Additionally, I have my Latin II final tomorrow.

Probably won’t be much action here until I get the finals behind me and some writing done.

4 Responses to “Nihil dicere”

  1. Don Johnsen Says:

    Gee, that sick application wouldn’t happen to be NAILS would it?

    Long time no talk. Happy review…

  2. steven Says:

    Actually, no, NAILS (now called Mailguard) has been a real success story. I deployed the original version ~ 2 years ago (as I believe I mentioned to you at St. John’s in S/vale on your visit) and just revisited the codebase this year, standardized it, cleaned it up a bit, and its now living under the MIT license at: http://code.google.com/p/cmailguard. So think of it, NAILS’ blood descendent now available for your further perusing thanks to google :)

    Here’s a quick PDF summation:
    http://cmailguard.googlecode.com/svn/trunk/mailguard/doc/Mailguard_Presentation.pdf

    You’ll notice your glorious own name in a few files in the Subversion tree:
    http://code.google.com/p/cmailguard/source/browse/trunk/mailguard/lib/EMS/LogIt.pm

    I actually used this code to replace the infamous ‘dudewheresmycar’ function and the customized bounce-back server (d_head).

    The problem host is cliff…aka the big nasty, moving its whole ecosystem somewhere new. I’m actually almost done with it.

    Peep Dis: Subversion Checkout + M4 config file configures all the perl for dev/stage/prod + autodeploys to custom virtualized web servers == sanity. All the user interface has been moved to Template::Toolkit + CSS + XHTML.

  3. Steanso Says:

    Wait. Why are you taking Latin? I had three years of Latin in high school, and have spent the years following those classes wishing that I could get those three years back. Then again, I realize that you already speak other languages (I noted that you read The Stranger in French) whereas I speak only English and wish that I had managed to pick up a more practical language while still in school…

  4. steven Says:

    Steanso:

    I’m taking it, at heart, because while when you really want to condescend someone French is the way to go, Latin takes it up a whole ‘nother notch.

    I mean:

    Dux stultissimus bellum laudat atque nihil virtutis habet.

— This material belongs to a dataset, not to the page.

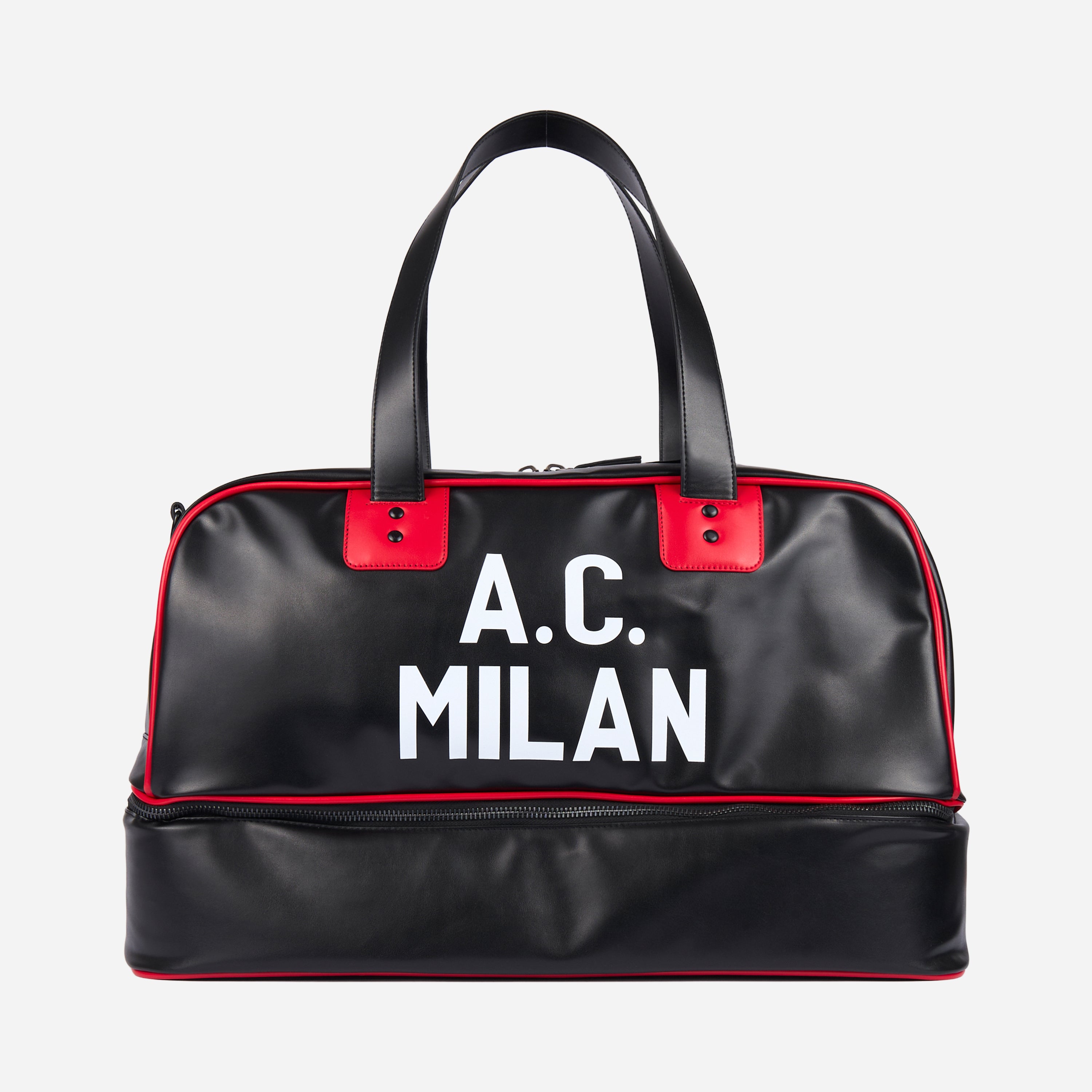 AC Milan 60s borsa nera unisex con tasche esterne taglia unica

    Le general plus stupid eloget la guerre mais il n’a pas du courage.

    The exceedingly foolish leader praises war but he possesses no courage.

    I also have a secret project underway that uses the latin verb structure as its core technology. In contrast to French and other Romance languages Latin is exceedingly regular ( as it is whole unto itself ).

    That said, I read the Cambridge Latin series and can see why that would be very frustrating against the backdrop of people learning things like “Where is the bar” in Spanish. When you learn Latin at the college level you’re taught to think about the entire language as machinery, and it is this approach that very much resonates with me. I assume Texas educators are of the opinion high school kids are not able to learn a language deductively.